|Forum topic by bues0022||posted 1119 days ago||2415 views||0 times favorited||28 replies|
1119 days ago
It’s been a rough and busy year for me with both mine and my wife’s graduate school. I’m finally done and ready to get back into the shop and make some things. My wife and I are talking about finally starting a family, and I want to make her a Maloof-inspired rocking chair. I’ll be purchasing the plans (I’m assuming). I’ve typically done mostly cabinet-type projects such as tables, free-standing cupboards and the like – so this project is going to stretch me considerably and also help me learn many more valuable skills. I know it’s not likely the best idea to be learning many different things on one project, but I’m rather detail-orientated and will test things on scrap wood as I go along to ensure I know what I’m actually doing!
In any case, I’d like some opinions/ideas on wood selection and design. My wife is from Wisconsin, so I’d like to use woods (mostly at least) that can be found up here. Furthermore, there is a guy I’ve found in Milwaukee that has a contract or agreement with local municipalities that when they take a tree down, they bring it to him to cut into lumber instead of sending it to the landfill. I’m not particularly “green” usually, but I really kinda like his idea on using good wood that would otherwise go to waste.
Most of all, I want this to be a head-turner. I want it to be absolutely unique. I’ve seen some gorgeous maple or walnut chairs, but most don’t seem to really pop out at me. I’ve thought about some contrasting woods such as black walnut/hard maple or black walnut/hickory. Her parents have a lot of maple trees on their property, and while I wouldn’t be using any of them, it would be fairly sentimental to use said wood. I’m also a huge fan of spalted maple, and thought the combination of spalted maple and walnut may look very rustic and unique. Another idea was to use hickory. We had a hickory tree fall on her parents land I when I cut it up for firewood (too messed up for lumber) it appears to be spalted. I don’t know how common this is, but I really do like to color of hickory. Even if it isn’t spalted my in-;aws kitchen has “low-grade” hickory cabinets, and my wife really likes the character the color bands and black stains is has. I’m not too afraid of the hardness of hickory, I just know it will require a bit more work.

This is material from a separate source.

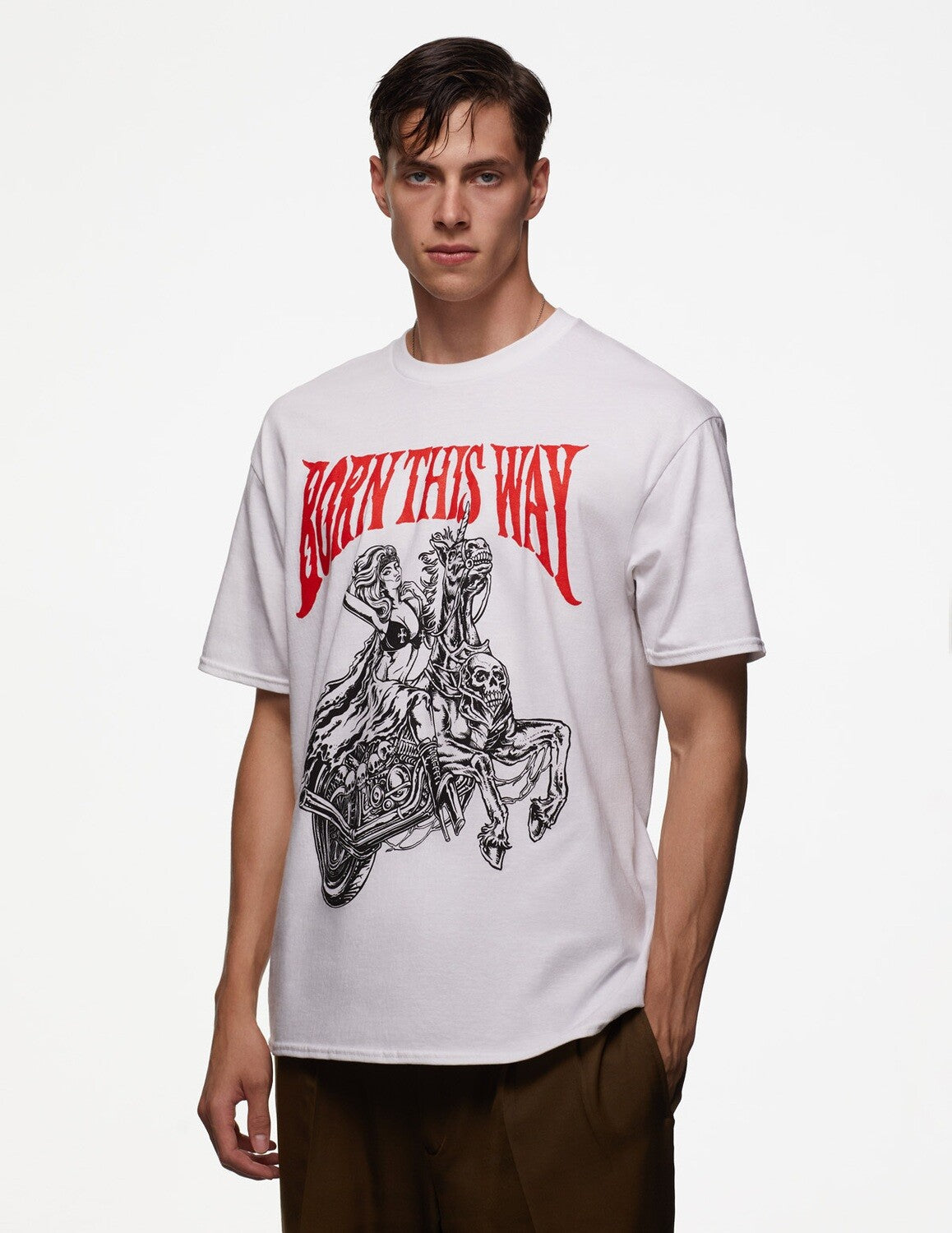 BORN THIS WAY WHITE TEE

That’s as far as my idea has gone at this point. Does anyone have ideas on how to plan where each wood would go? Anything that may help this scream unique? Do a layup of alternating light/dark then cut the backs slats from this? Solid headrest or light with dark stripes? opposite? matching seat also, but what “style”? Any other wood additions or combinations? If you were to make one, what would you do? I’ve looked at countless pictures, but I’d like to hear thoughts behind the images.